== Assignment ==
The answer is the exact text of every line from the one that contains "Ducati scrambler vẻ" to the final line of the entries below, with pictures left out.

Brief descriptive captions
--- START ---

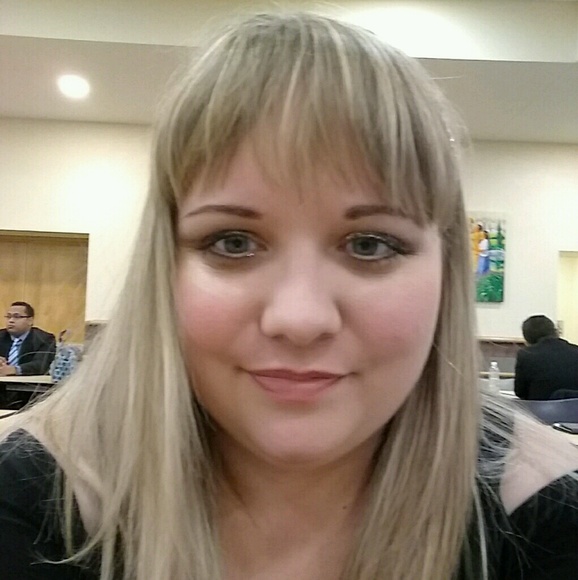 Meet your Posher, Kristin - Picture 1 of 1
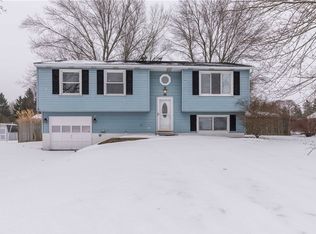 39 Overland Trl, West Henrietta, NY 14586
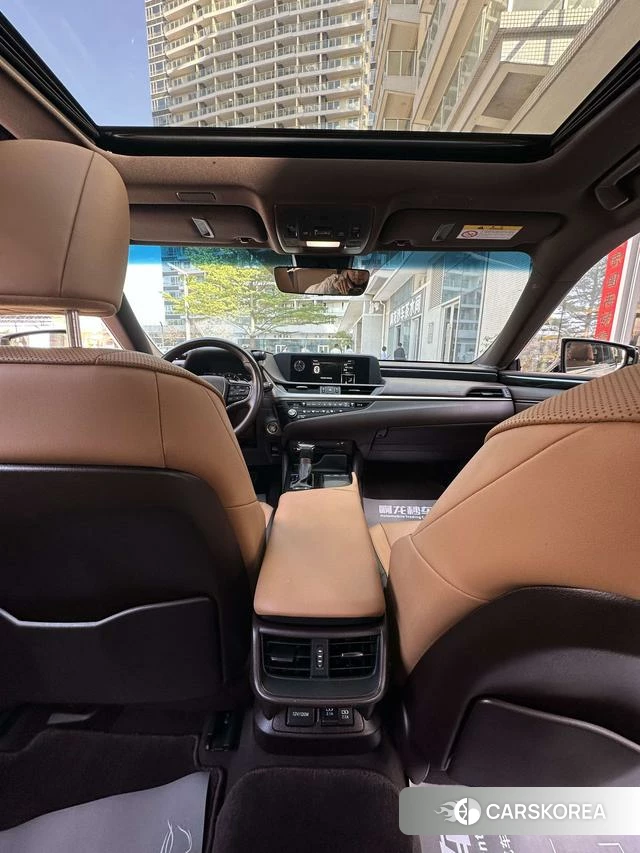 Lexus ES id 4221002 из Китая 28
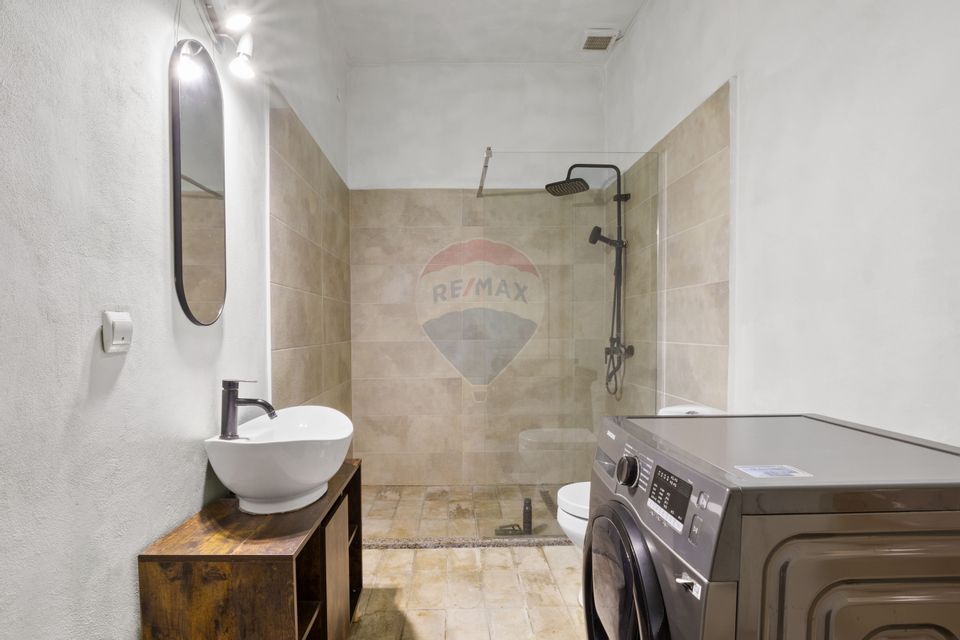 Casa si teren 2173 mp de vanzare in Tipar , la 12km de Chisineu Cris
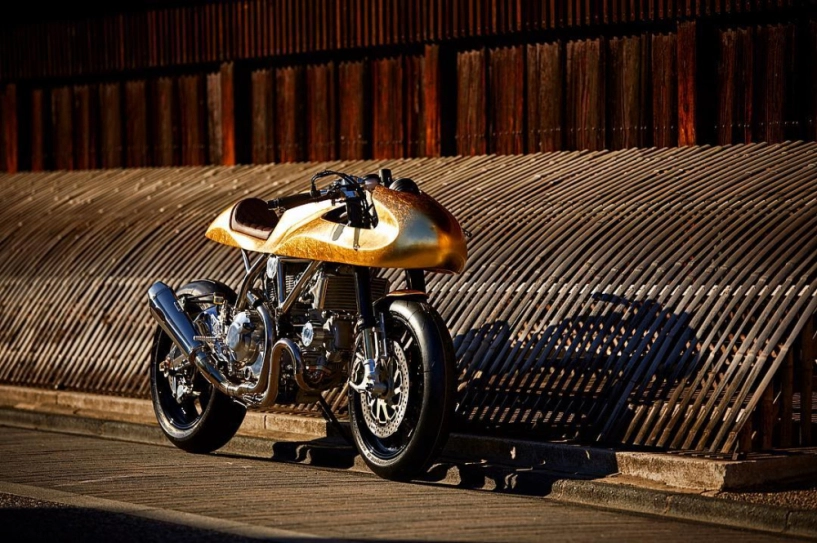 Ducati scrambler vẻ đẹp thăng hoa từ công nghệ dát vàng - 1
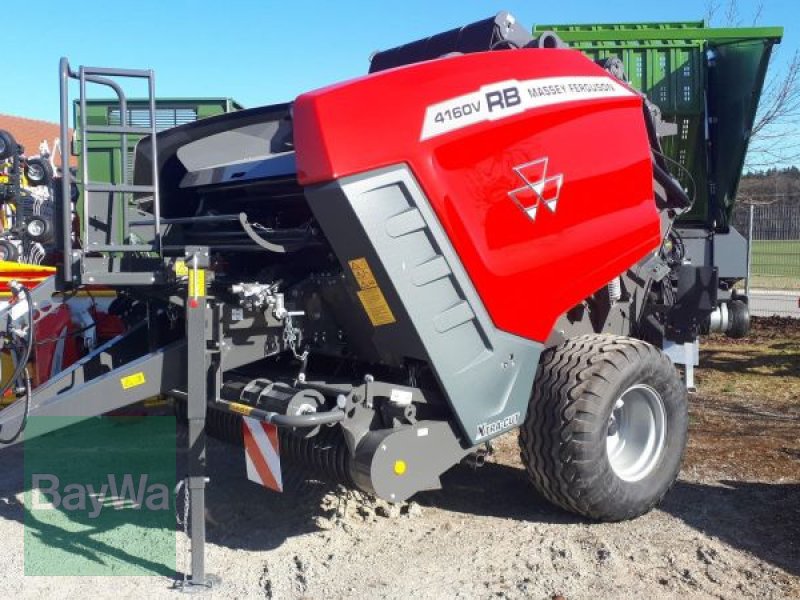 Rundballenpresse des Typs Massey Ferguson RB 4160 V XTRA, Vorführmaschine in Ansbach (Bild 1)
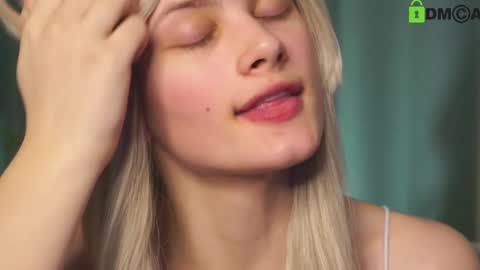 Sunnheart online show from 02/12/25, 10:26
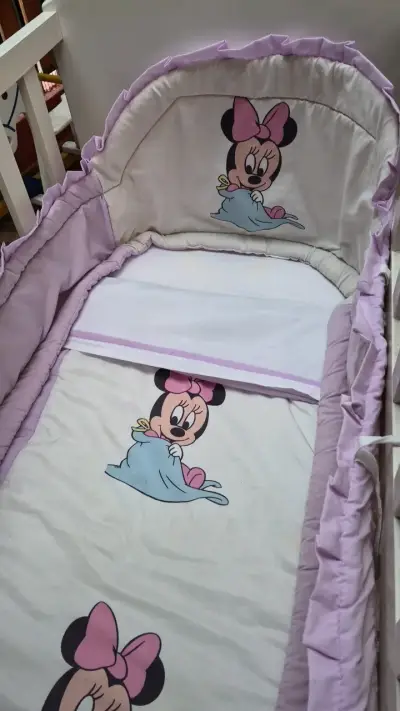 Cuna de bebé con diseño de Minnie Mouse - miniatura 3
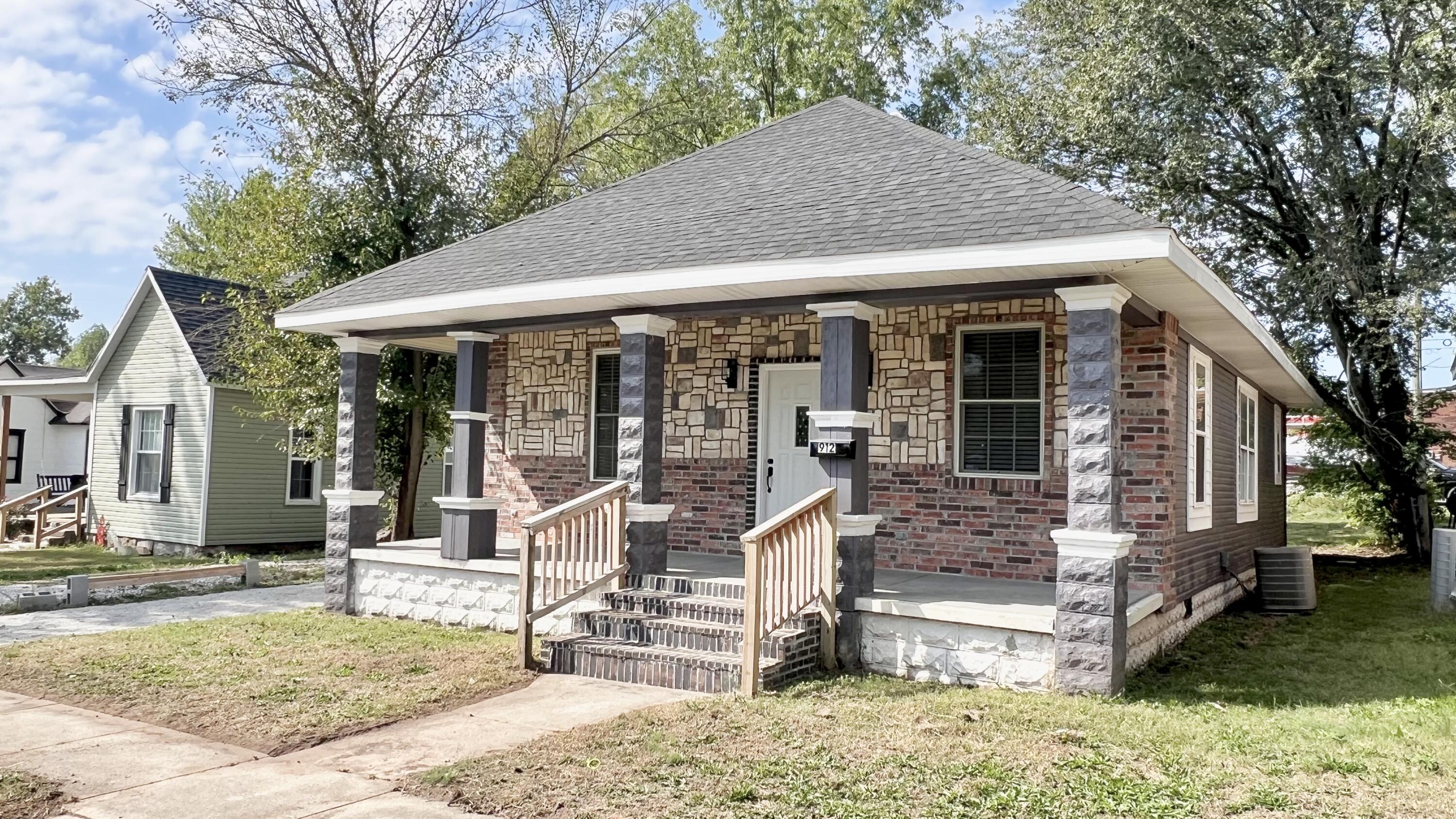 912 3rd Street Property Photo 1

--- END ---

== Response to this task ==
 Ducati scrambler vẻ đẹp thăng hoa từ công nghệ dát vàng - 1
 Rundballenpresse des Typs Massey Ferguson RB 4160 V XTRA, Vorführmaschine in Ansbach (Bild 1)
 Sunnheart online show from 02/12/25, 10:26
 Cuna de bebé con diseño de Minnie Mouse - miniatura 3
 912 3rd Street Property Photo 1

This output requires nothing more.